- _Your assignment_
Starting at the line below that contains "Grotesque avec un" and ending at the line that contains "Bosch Cordless Jigsaw", retype each line exactly as it stands, but omit the pictures.

- _Materials provided_
---+---

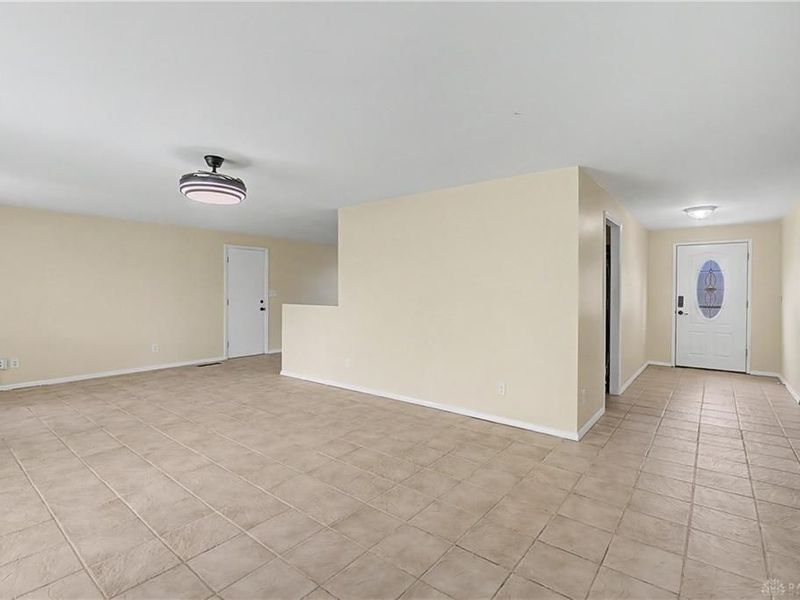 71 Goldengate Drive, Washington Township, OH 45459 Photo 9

---+---

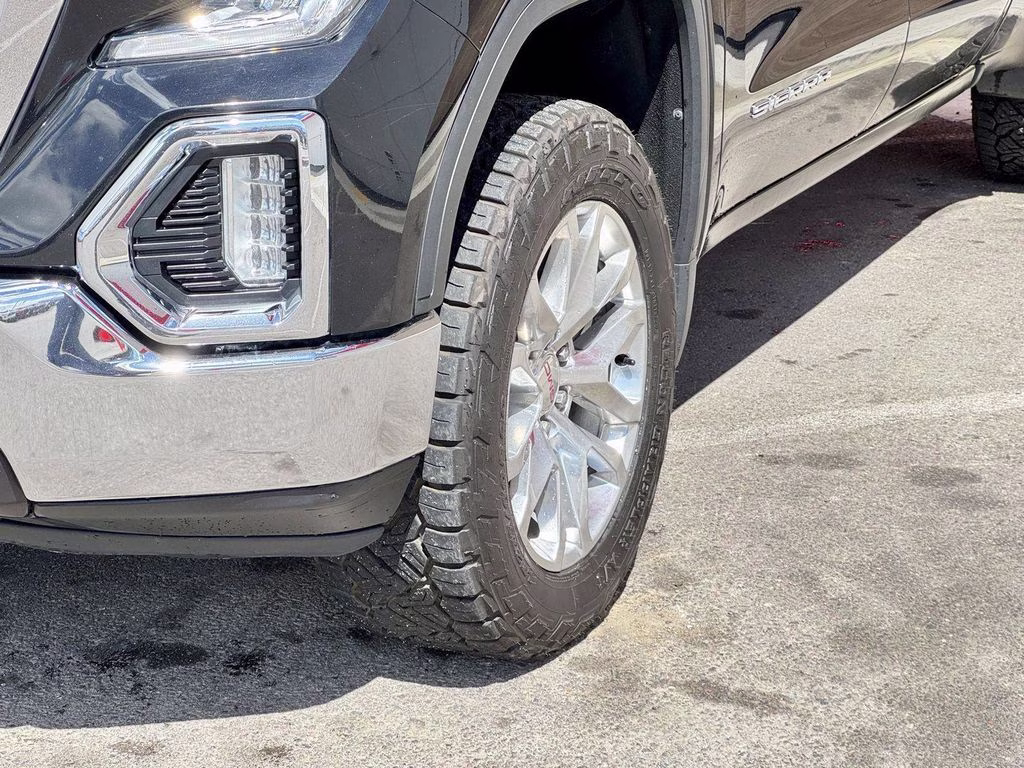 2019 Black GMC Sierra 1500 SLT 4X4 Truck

---+---

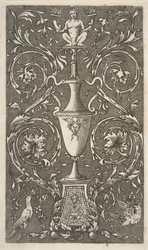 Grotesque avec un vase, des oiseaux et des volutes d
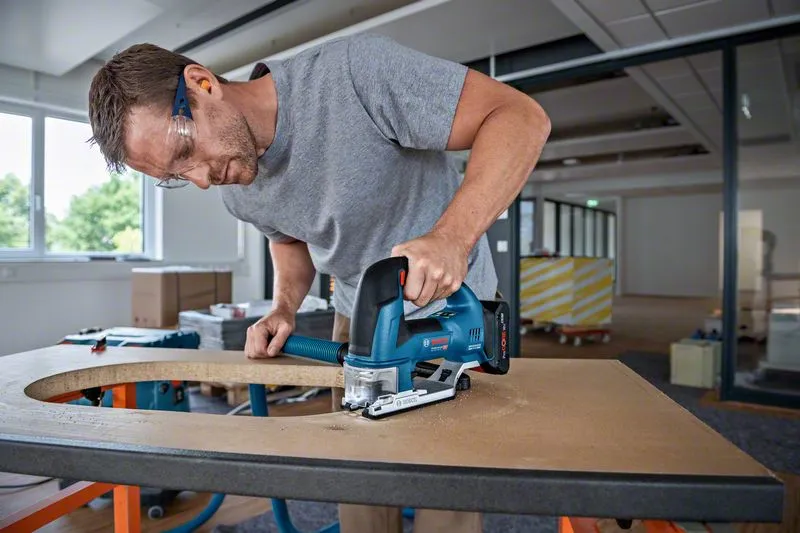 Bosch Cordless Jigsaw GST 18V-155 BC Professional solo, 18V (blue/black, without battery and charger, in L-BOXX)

---+---

- _Solution to this problem_
 Grotesque avec un vase, des oiseaux et des volutes d
 Bosch Cordless Jigsaw GST 18V-155 BC Professional solo, 18V (blue/black, without battery and charger, in L-BOXX)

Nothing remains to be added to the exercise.